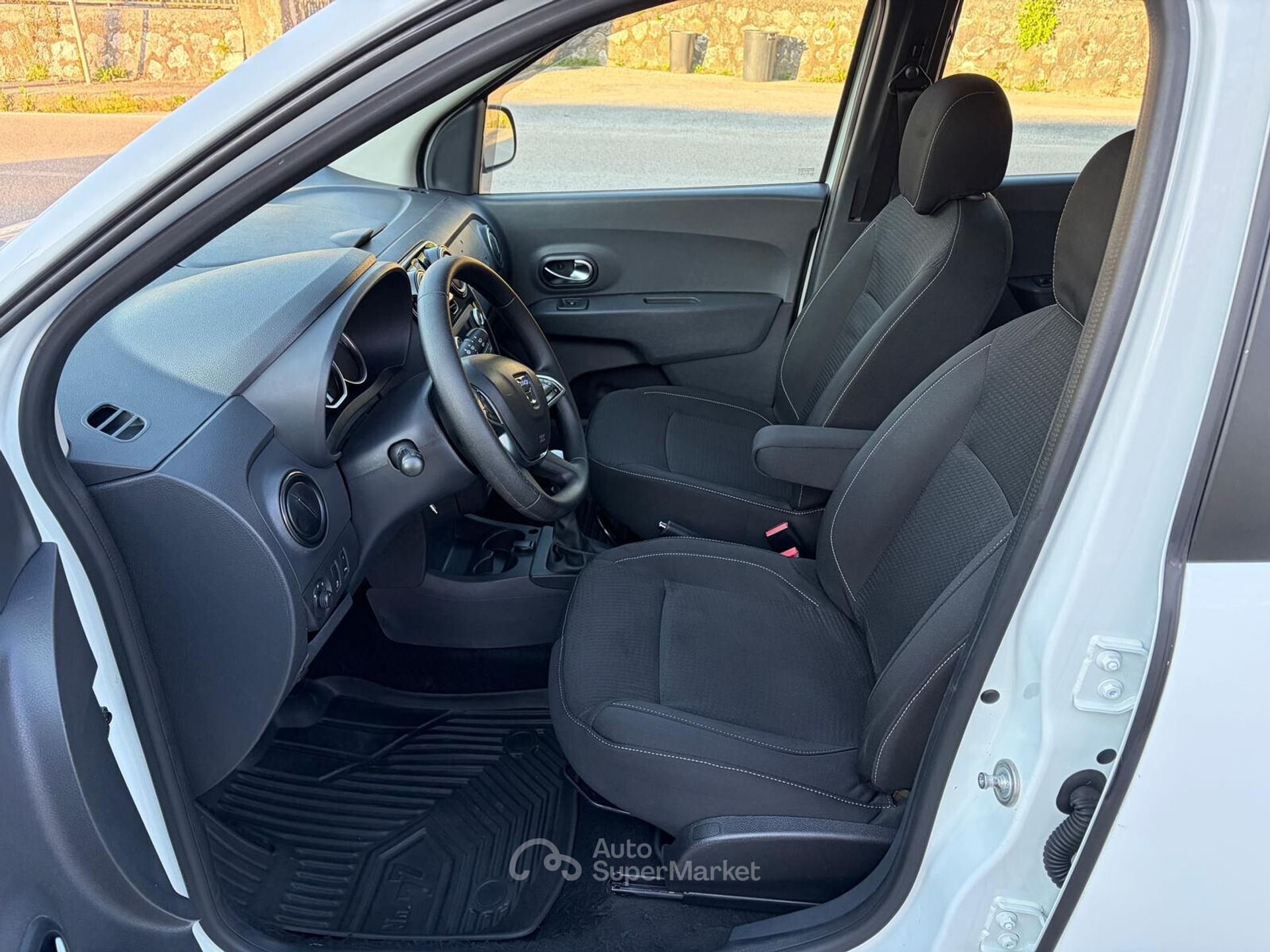 Dacia Lodgy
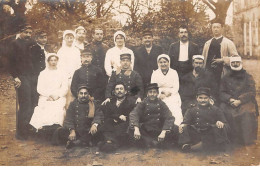 03 - N°86955 - MOULINS - Hôpital Militaire - Infirmières Au Milieu De Blessés - Carte Photo - Moulins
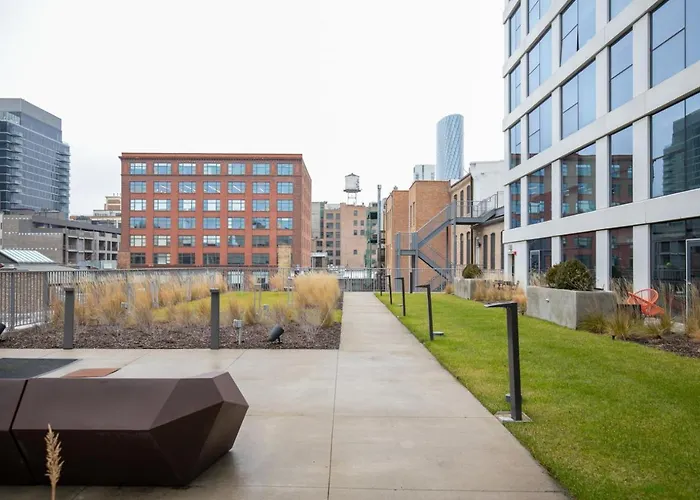 Ferienwohnung W Loop 2Br W Gym Pool In Heart Of Greektown Chi-561 Chicago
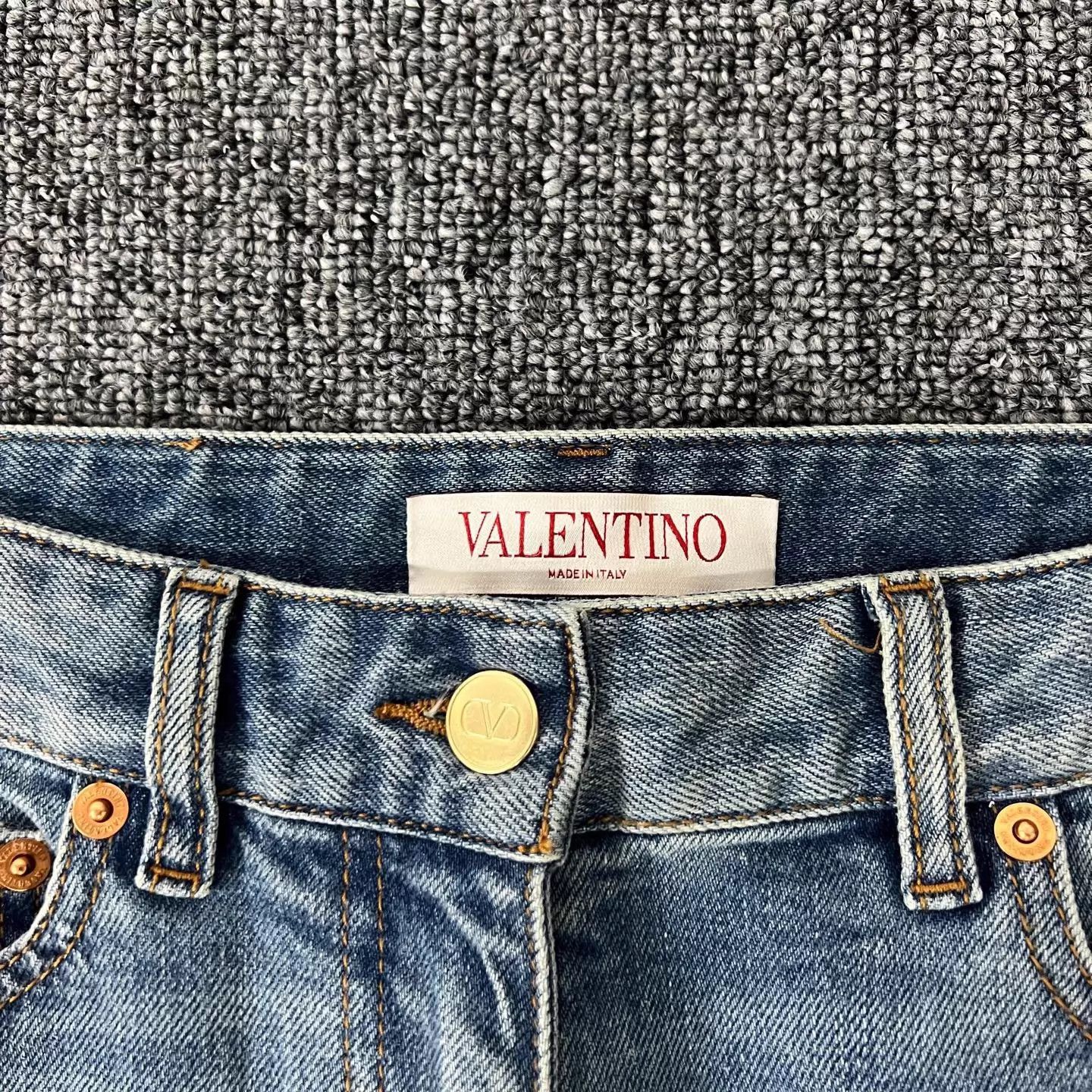 Valentino Valentino Women's Blue Wash Flared Jeans w/ Metal Chain 25 Size 25" / US 0 / IT 36 - 6 Thumbnail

- _Goal of the exercise_
Your output must reproduce the material above in full, with no pictures.

- _Completed task_
 Dacia Lodgy
 03 - N°86955 - MOULINS - Hôpital Militaire - Infirmières Au Milieu De Blessés - Carte Photo - Moulins
 Ferienwohnung W Loop 2Br W Gym Pool In Heart Of Greektown Chi-561 Chicago
 Valentino Valentino Women's Blue Wash Flared Jeans w/ Metal Chain 25 Size 25" / US 0 / IT 36 - 6 Thumbnail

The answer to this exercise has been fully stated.